私はとても感覚的な人間だと思う。
逆を言えば論理的な思考が不得意で、かつ論理的な話の組み立てや喋りができない。論理的思考ができない故、社会人生活を送る上ではとても苦労をするし、自分はある意味はみ出し者であると自覚をする。
素晴らしい山の景色を見たときに、論理的思考ができる人は、何故山が美しく思えるのかを考察し理路整然と言葉で説明できるが、私のような感覚的な人間は「きれいだなぁ」としか浮かばない。論理的思考者と感覚的人間のどちらが良い悪いという話ではないが、前者のほうが圧倒的に社会人としての力が強いと思う。
一方で、感覚的な人間は自分の感性を基軸に物事を選び取る力があるから、自分が直感で選択したものに対して過度にストレスを感じることは少ない。
今朝は9時頃に目が覚めた。コーヒーとオレンジとブルーベリーを食べ、掃除洗濯を片付ける。昼食をとったあと特に行く当てもないがなんとなく人の多いところへ行きたくなり、本屋をぶらついた。
普段私はあまり本を読まない性質なのだが(集中力が続かない)、まったく読まないというわけではない。佐藤康志、中島らも、群ようこなど、少ないながらも好きな作家はいる。そのような私が時折無性に本を読みたくなることがあり、今日がまさにその日であった。
本屋では旅の本コーナー、日本文学コーナー、雑誌コーナーなどをまわり、そろそろ帰ろうかと最後に足を運んだ新刊コーナーでピンとくる一冊を見つけた。シンプルな白い表紙につばめの絵があしらわれた、沢木耕太郎著「旅のつばくろ」だ。
私はそのタイトルに惹かれた。見た瞬間に本を手に取り、レジへ向かった。感覚的に、今、私が求めているのはこの本であると思った。車に乗り込みすぐさまページを開き何章か読んだがどれも素敵な話で、蒸し暑い車中で読みふけってしまった。
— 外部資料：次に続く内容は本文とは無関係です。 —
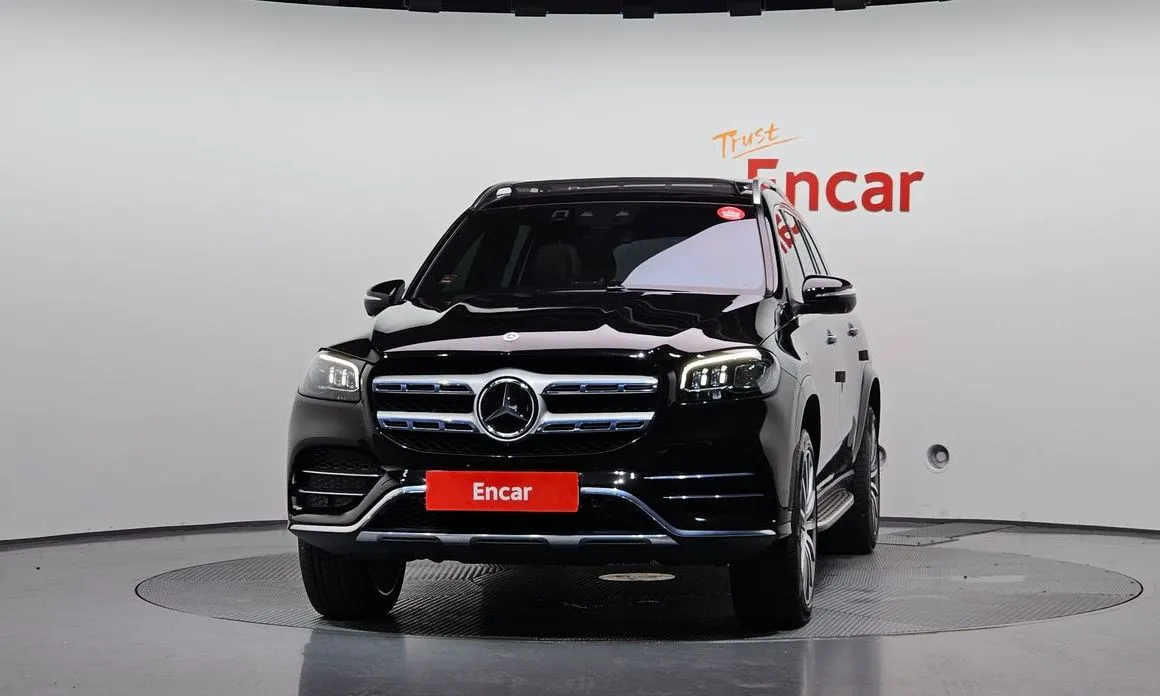 Mercedes-Benz GLS-Class — фото 2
沢木耕太郎の本を読むのは今回が初めてである。二ヶ月ほど前の話になるが、夜も遅い時間に会社の先輩と話す機会があり、その時に先輩が薦めてくれた本が沢木氏の「一瞬の夏」だった。だから沢木耕太郎という作家がいることは知っていて、そのような経緯もあり「旅のつばくろ」を咄嗟に手に取ったのかもしれない。
この本はJR東日本の車内誌「トランヴェール」の連載記事をまとめたものだ。だからこの本にも旅にまつわるエッセイが詰め込まれている。読んでいると旅情を掻き立てられ、旅に出たい気持ちで心が騒ぐ。私自身、旅行に行くようになったのはごく最近のことだが、旅先で向き合う自分の感情というものは、生活拠点であるこの8畳のアパートでは決して味わえない側面や面白さがあると思う。それは沢木氏にとっても同じではないかと、このエッセイを読んで思った。
旅に出るのはそう難しいことではない。近場でもかなり遠くでも、その一歩さえ踏み出してしまえば身体は自然と目的地へと向かう。私もそろそろ旅をしたい。